When I was a kid, I vividly remember waking up and watching cartoons on the weekends. I usually gravitated towards shows like Tom and Jerry, Felix the Cat and Adventures of the Road Runner. I chose these types of cartoon because they were stripped down to the most basic level, focusing in on the action and animated images of its characters. These types of shows and films are making a comeback. The reason is simple: people want to be entertained, and everyone is a kid at heart. Shaun the Sheep: The Movie brings that simplicity back with a story on lessons of cause and effect.
This film is based on the TV show of the same name and might be the best animated film of the year, even better than Inside Out"¦yeah I said it. The story follows a very curious and adventurous sheep named Shaun (Justin Fletcher) who lives on a farm with the rest of his heard, his Farmer ( John Sparkes) and trusted dog. Shaun is the creative minded sheep of the herd and becomes bored of the mundane farm duties, when eventually he seeks a "day off" from the farm and devices a plan to keep the Farmer and dog distracted from completing their tasks for the day. Shaun gets way more than he could ever imagine when the Farmer and his trailer go off the rails and stumble into the The Big City.
Shaun the Sheep is a triumph of a film and is a strong comeback from the animation team at Aardman studios, the creators behind hits such as Wallace and Gromit and Chicken Run. The major difference for Shaun the Sheep is that it has no real dialogue. It is comprised of mostly random mumbles and general noises like crying, laughing and kissing. Think about it this way: If you were allowed to enter the mind of Mr. Bean and see what he was dreaming or thinking about, this film would be pretty spot on. One thing to not overlook is the Claymation. That alone is something to behold at. More films go for CGI and 3D in recent years. I prefer the 2D and Claymation route; it's an ode to my childhood.

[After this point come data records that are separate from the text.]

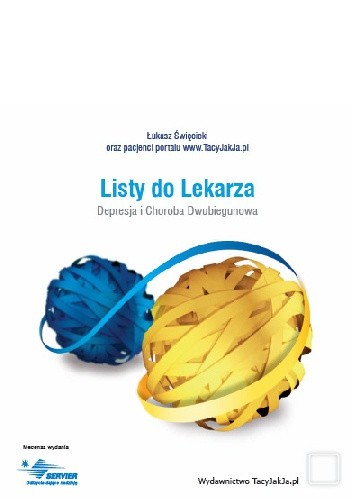 Listy do Lekarza/Listy do Pacjenta. Depresja i Choroba dwubiegunowa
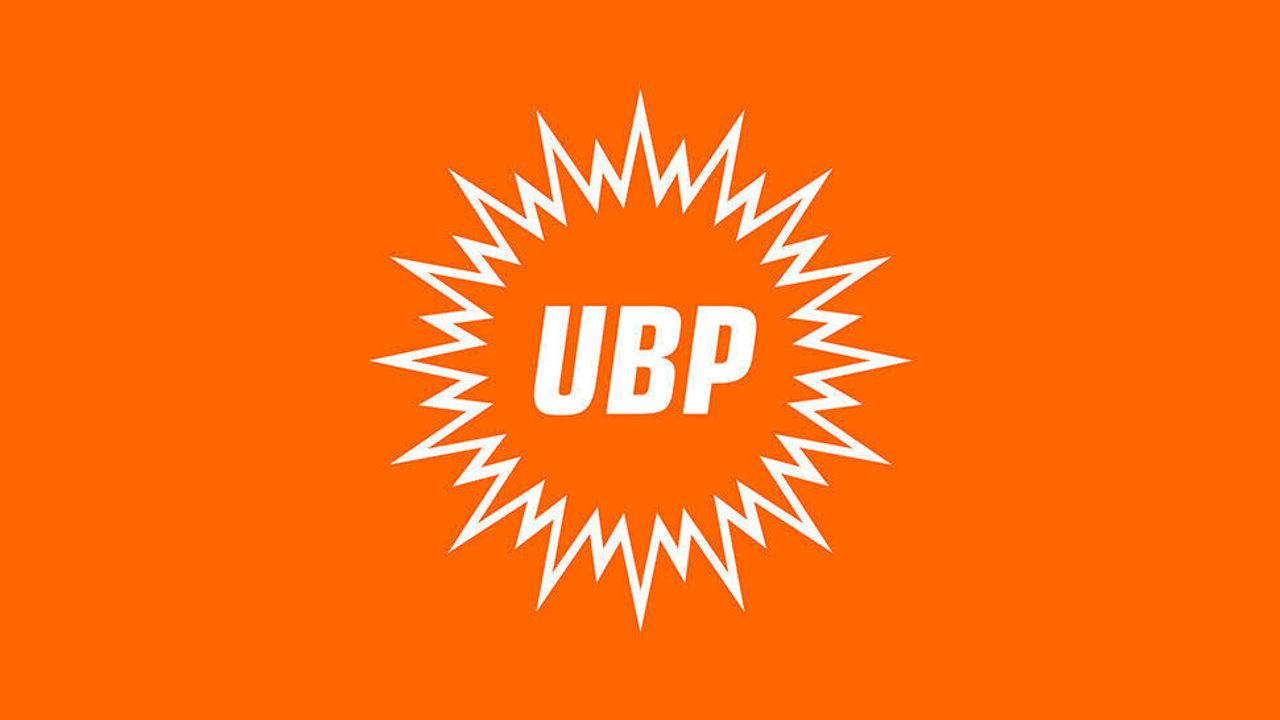 UBP’nin “Vizyon ve Proje Çalıştayı” bugün başlıyor
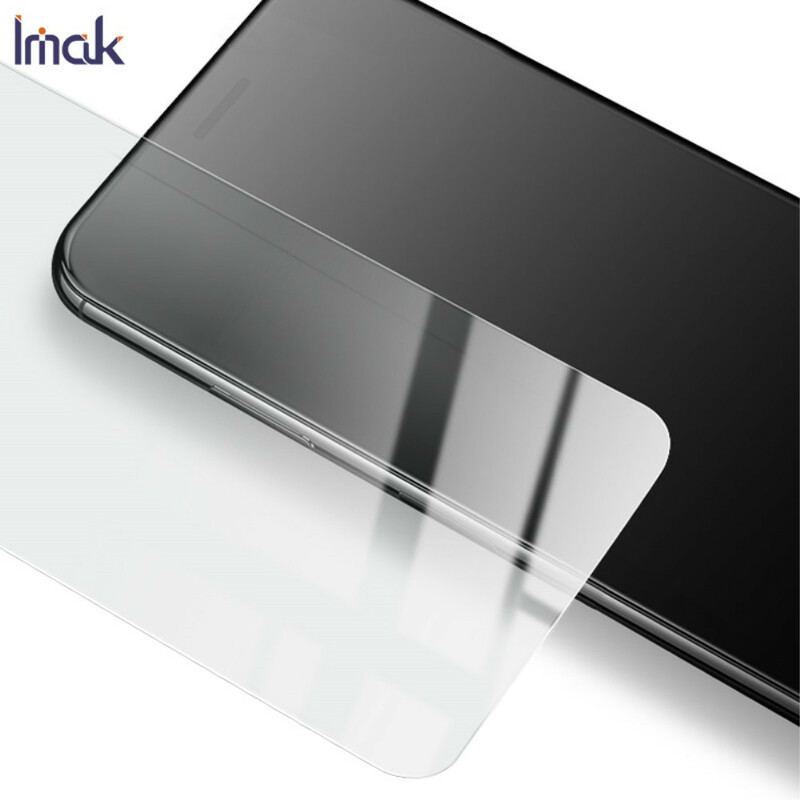 Protetor De Tela De Vidro Temperado Imak Para Huawei P40 Lite 5G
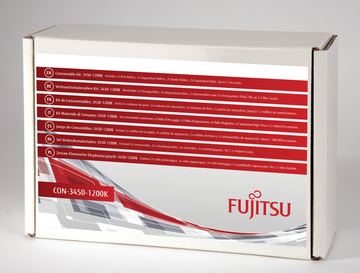 Fujitsu Consumable Kit: 3450-1200K - Scanner von LumaTech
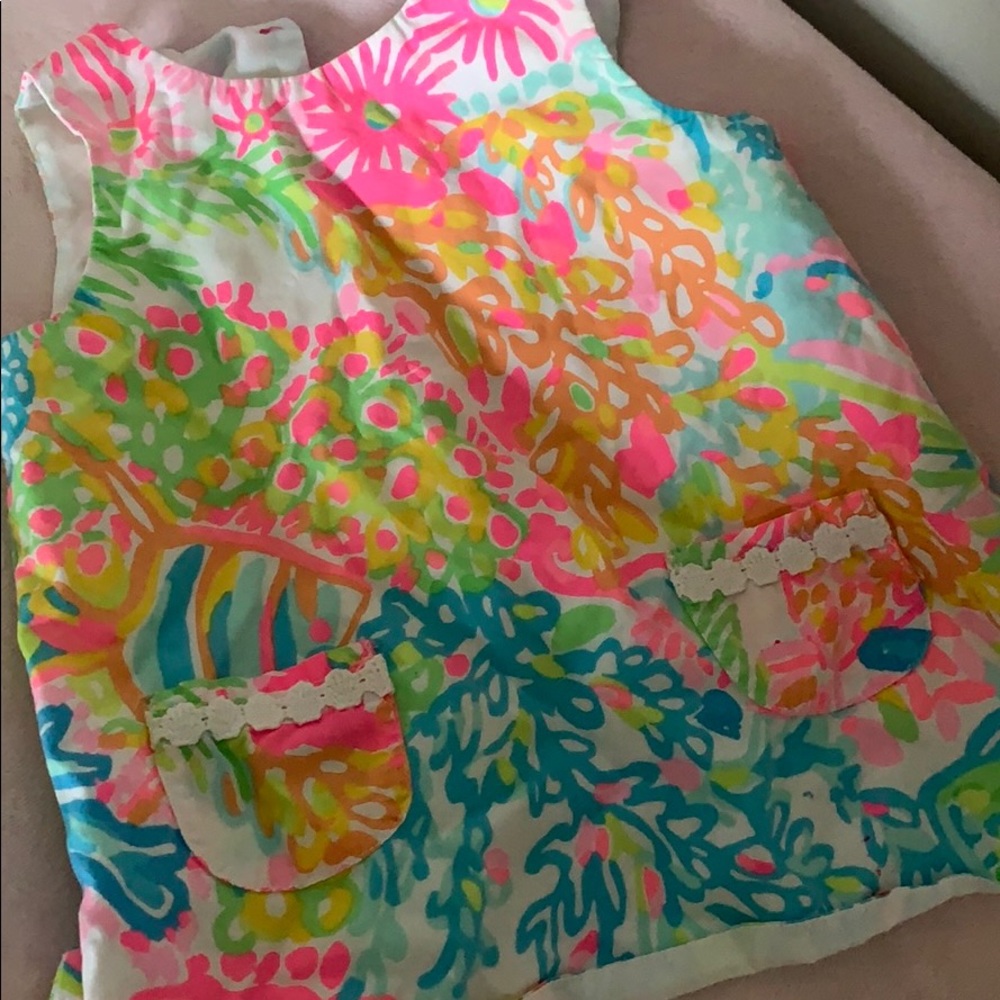 Lilly Pulitzer dress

More people go to the movies to unwind and get their mind off other things going on in their lives. In the digital-age, people's attention spans are becoming smaller than ever, so much so that the dialogue isn't as important as the actions on the screen. Films like Minions, The Boxtrolls, and now Shaun the Sheep have invested into making entertaining films with the animation and plot as priority. Dialogue for animation is sometimes counterproductive because you can get the same emotional response from a fart or a mumbled noise that you could with a full page of dialogue that ends up losing your audience's attention. Shaun the Sheep is a must see this summer, so take the whole herd with you!